Part 4: The Woke Bohemian

By Laura Terrell

The following post is written by my friend and colleague, Laura Terrell. Laura holds a degree in Religion: Women’s Ministry with a Psychology minor (Liberty University). She is also a certified copyeditor (University of California, San Diego) and a published author. She is the editor of The Life I Now Live: Continuing Machen’s Historic Battle for the Gospel.

Disclaimer: This particular blog post deals with sensitive topics regarding the peculiar sins of the Enlightenment period and the Roaring Twenties. These cultural sins are not unlike our own postmodern milieu.

Blessings,

-Rich

“A rose by any other name would smell as sweet,

and a skunk-cabbage, by any other name,

wouldn’t smell any sweeter.”

–Joel Parker(1)

The Woke Bohemian

In my last blog, we talked about the origins of some—though, most assuredly not all—of the institutions we see in our own modern U.S. culture, namely abortion, transgenderism, and the public school.
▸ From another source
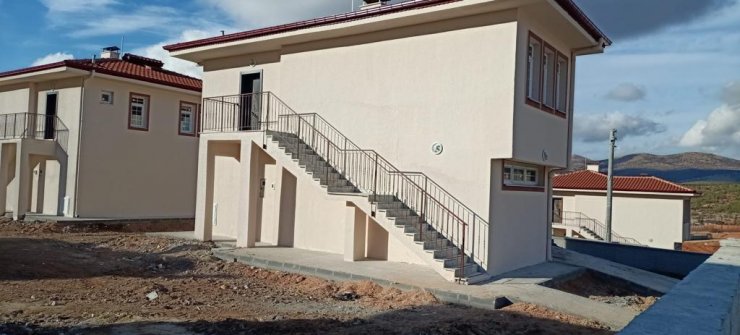 Konya'da 42 konut kurayla sahiplerini buldu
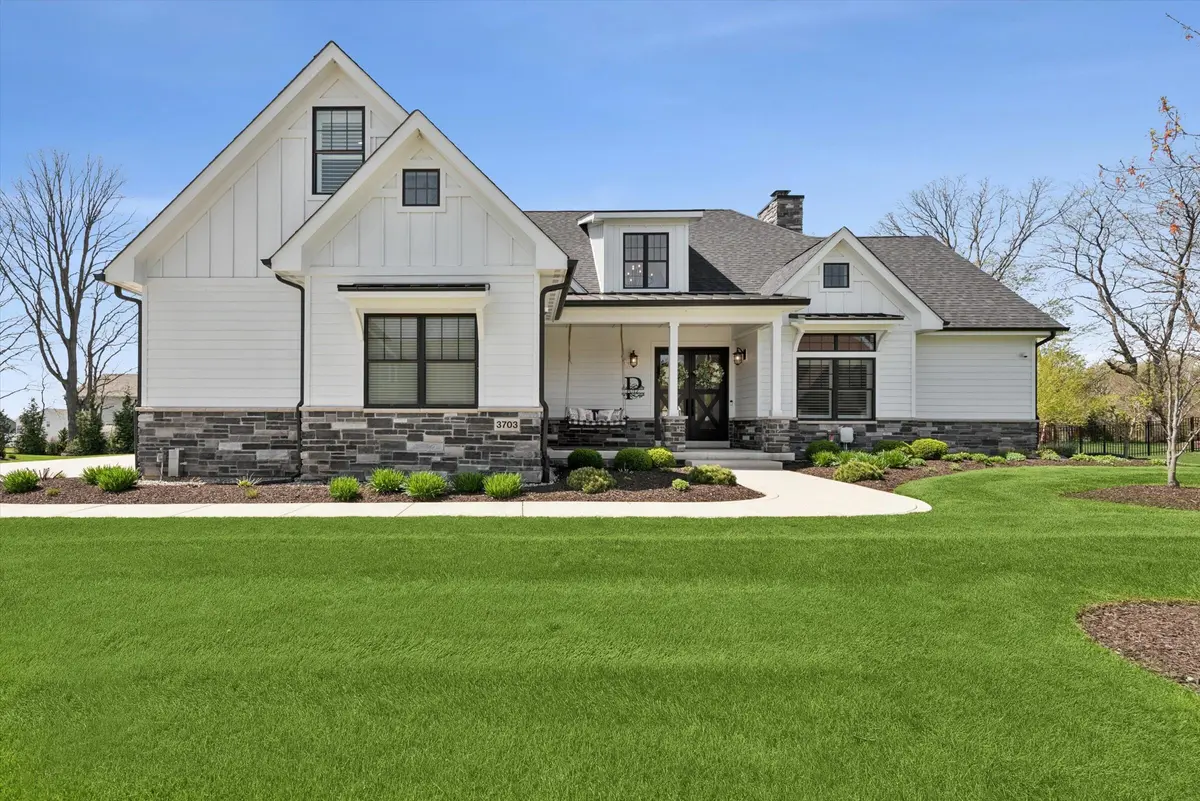 3703 Elio Way, Valparaiso, IN 46385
As promised, we’ll dive much deeper into those issues and others in Part 6 of this series. But in order to fully appreciate the direction these institutions could take us in (if allowed to continue unhindered to their natural and logical ends), we have to first discuss the importance of “environment.” Specifically, the philosophical and political environments that have allowed these ultimately dangerous institutions to flourish under the guise of freedom.

The most recognizable beginnings of what would today be called “wokeness” can be found in Germany in the 1770s. In an effort to combat the stiff and stodgy Rationalism of the French Enlightenment that had swept the nation of Germany also, the college age artists who led the Sturm und Drang movement led their generation in completely the opposite direction. Sturm und Drang is often translated as “Storm and Stress,” however, that’s not quite accurate. Drang should more correctly be translated as “sexual desire.”

The Sturm und Drang movement, which was specific to theater and literature, was a deconstruction of all the structure, logic, and rules that had been put on a pedestal during the Enlightenment; and not just a deconstruction but a disowning of the entire concept of rules and structure.

Sturm und Drang plays often had no recognizable structure at all. The traditional five act play, set to a specific meter and rhyme, was done away with in favor of a seemingly random cacophony of ideas, words, and emotion-driven acting. One particularly popular Sturm und Drang play, by Heinrich Friedrich Emil Lenz, called “The Tutor,” centered around an ill-fated love affair that caused an angst-ridden meltdown, ultimately resulting in the leading man’s self-induced castration, which of course didn’t stand in the way of the adoring couple living happily ever after. How could it?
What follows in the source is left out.